The Premium Pub Guide to Botnet Infestation

Fraudulent traffic presents problem & opportunity

Some premium publishers are likely reading the latest batch of hysterical articles describing the scourge of botnet traffic on digital advertising and thinking, “Tough cookies.”

Which isn’t a bad way to put it – media buyers’ obsession with chasing cookies and buying the cheapest inventory available through RTB-powered exchanges has created a great deal of turbulence across the digital mediascape. Certainly the endless cookie hunt has driven innovation (e.g., private exchanges, data management), but the havoc wrought is becoming increasingly visible. Botnets are gobbling up high-value cookies, then luring exchange and network buyers to propped-up sites to purchase impressions seen by no one.

The slew of recent high-profile articles have focused mainly on how advertisers are getting screwed and the coffers of scammers are filled a fraction of a penny at a time.

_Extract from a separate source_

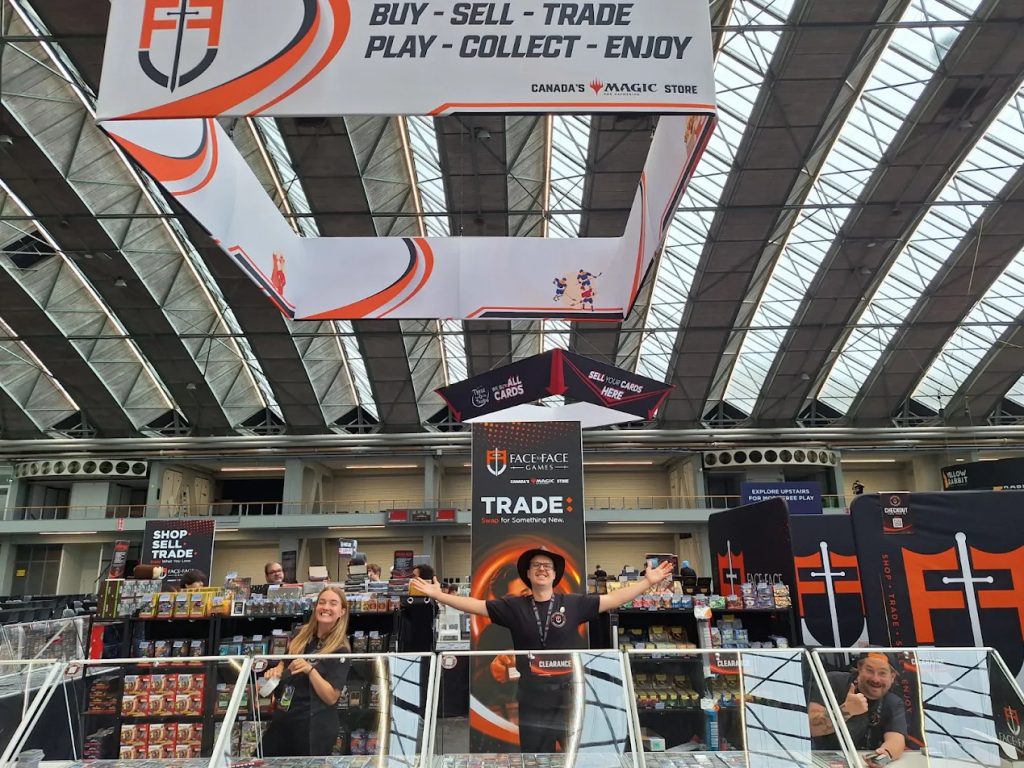 Face to Face Games staff welcoming players into the booth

However, the real victims of botnet fraud are the companies at both ends of the digital media spectrum: that wasted brand spend should have gone towards “premium publishers,” which can be now be taken to mean “sites that real people actually visit.” Yes, publishers with living and breathing audiences that advertisers would like reach are losing out on revenue to scammers… And the intermediaries that enable them.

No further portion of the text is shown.